How do we know?

Spring                                                                                 Rushing Waters Moon

Kate was in the dentist’s chair for 3 hours. Four crown preps. All that drilling. Exhausting. She has temporaries on now. May 13 she gets the actual crowns. Much shorter visit.

Snow much less than predicted. Maybe 3 inches rather than a foot. Weather5280 reeled back their forecast, but we still got less than their numbers.

OK. New pastime. Looking up data about prostate cancer reemergence treatments. Ugh. So much information, so little of it digestible by this non-medical, non-science person. Imaging studies like the axumin scan have competitors. The data comparing those competitors is available, but mostly in journal articles. I can only read them for so long before my attention rate drops.

Another issue that arises is availability of certain imaging modalities. A promising new isotope based on gallium is not yet approved by the FDA. Only two , a choline based isotope which the Mayo Clinic uses, and the amino acid based axumin, have passed FDA trials. Even then, the trials vary in their consistency and in the type of information gathered. The gold standard of evaluation in imaging studies is histologic examination of their findings. That is, the sites identified by the imaging have biopsies and the pathologist determines if the cells are cancerous or not. Difficult to pursue in any numbers.

Once the imaging is done, which can produce 3-D maps of cancerous lesions, but with real caveats, especially the lower the presenting PSA rise, like mine, treatment plans are next. After a radical prostatectomy there are two treatments: hormone therapy (think chemical castration) and radiation.

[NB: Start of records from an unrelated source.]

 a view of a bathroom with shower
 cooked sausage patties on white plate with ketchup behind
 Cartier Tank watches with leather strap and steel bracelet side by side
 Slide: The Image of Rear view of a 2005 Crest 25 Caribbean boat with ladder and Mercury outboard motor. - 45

A huge issue in choosing treatments, especially newer ones like Cyberknife is the slow growth of prostate cancer. Statistical studies must be conducted over 10-15 year periods. If your new treatment is less old than that, the likelihood of good studies following actual patients are difficult to impossible to find.

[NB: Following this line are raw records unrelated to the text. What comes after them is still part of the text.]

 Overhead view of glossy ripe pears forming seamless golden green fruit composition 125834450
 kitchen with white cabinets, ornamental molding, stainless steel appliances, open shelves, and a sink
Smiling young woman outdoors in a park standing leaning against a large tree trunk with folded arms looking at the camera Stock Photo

So in both cases there are problems. This isn’t big news to those in medicine. Docs have to work with incomplete and unverifiable data all the time. That’s a major part of what makes practicing medicine such a high wire act and something I’ve come to admire the more I’ve learned. Even so, as a patient, I prefer certain knowledge and definitive options. Just. Not. Possible.

One more issue. Where to get treated. Right now my urologist has referred me to Anova Cancer Care. Anova and Urology Associates (my urologist’s group) are in the same organization. The more I think about it, the more I want a second opinion. Not because I distrust anybody, but because I want the chance to explore options other than the Cyberknife.

Although. Cyberknife does match up well with what I understand about my reemergence. The confounding factor with is the necessarily imprecise nature of the petscan. Cyberknife can kill lesions and tumors it knows are there. But, not ones that the petscan can’t find. There’s more, but I’m tired of thinking about it for now. Gonna go have breakfast.